## [Exercise directions]
Using the listing below, retype exactly the lines starting at the one with "Le Show Room Auxerre Exterior photo" and ending at the one with "Balenciaga BLCG Track 4162 (Grey) - Image 6", and include both.

(Given records begins)

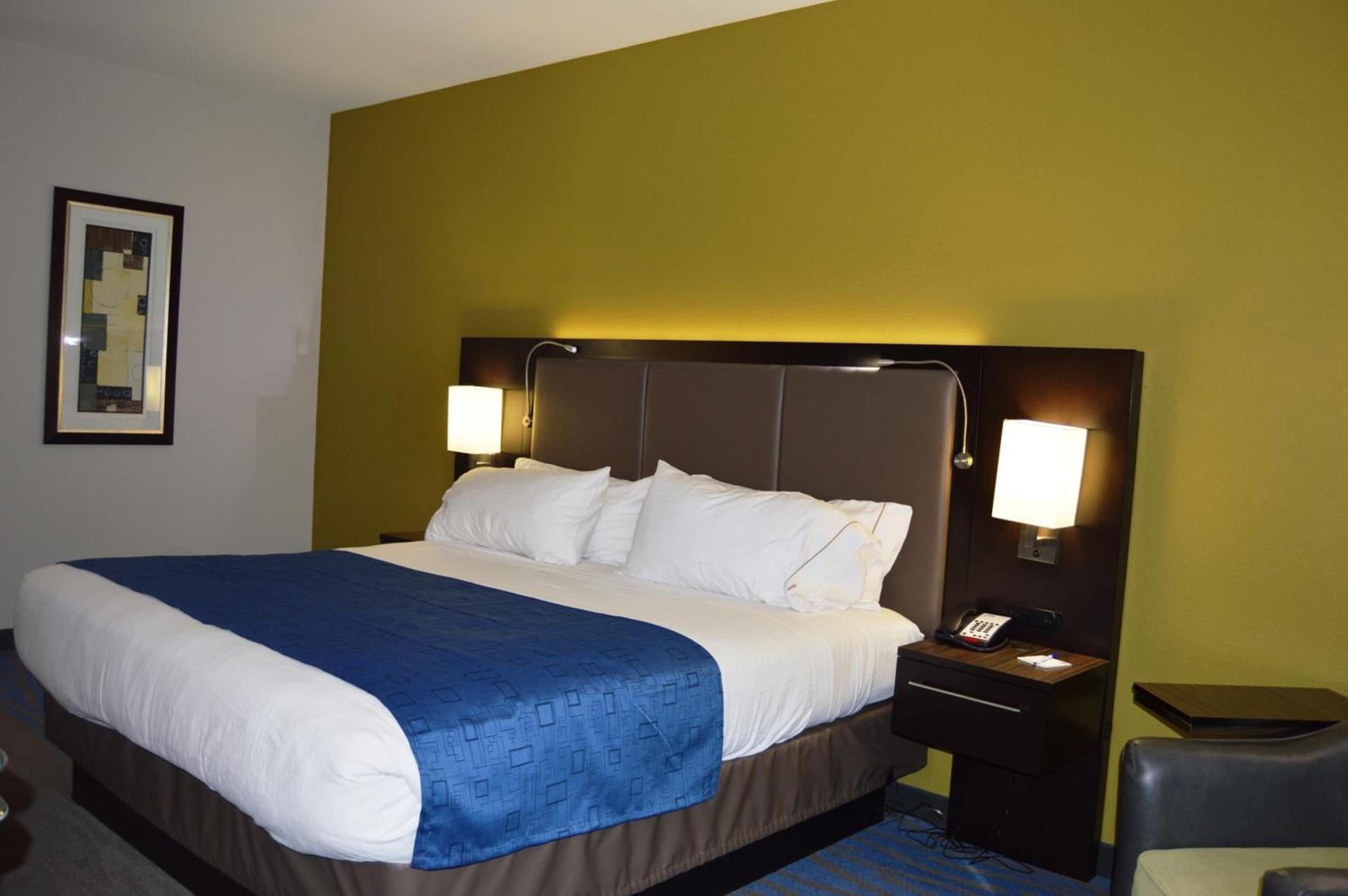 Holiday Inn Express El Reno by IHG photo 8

(Given records ends)
(Given records begins)

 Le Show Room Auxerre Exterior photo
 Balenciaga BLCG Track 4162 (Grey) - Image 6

(Given records ends)
(Given records begins)

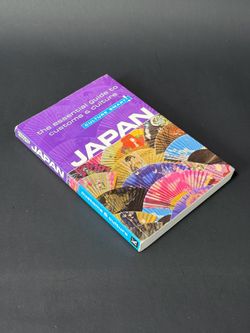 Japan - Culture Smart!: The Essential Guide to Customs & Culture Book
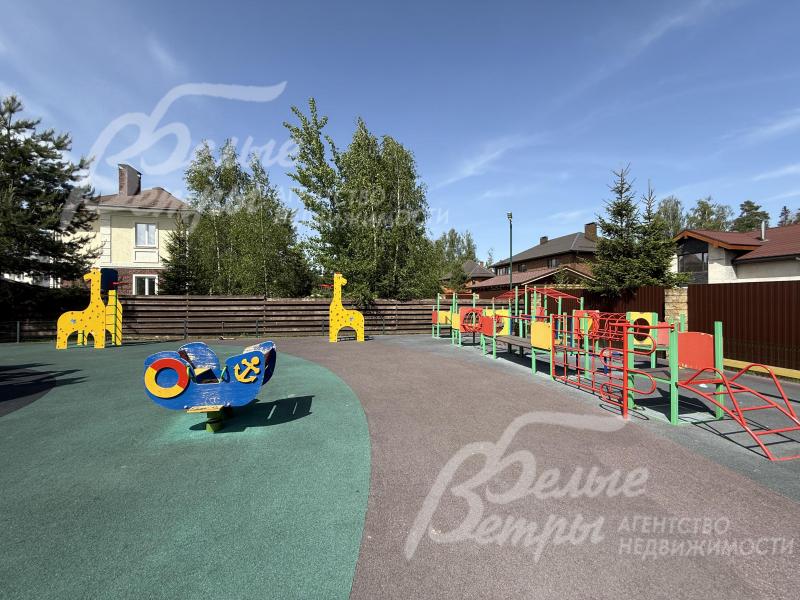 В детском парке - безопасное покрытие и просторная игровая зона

(Given records ends)

## [Solution to this task]
 Le Show Room Auxerre Exterior photo
 Balenciaga BLCG Track 4162 (Grey) - Image 6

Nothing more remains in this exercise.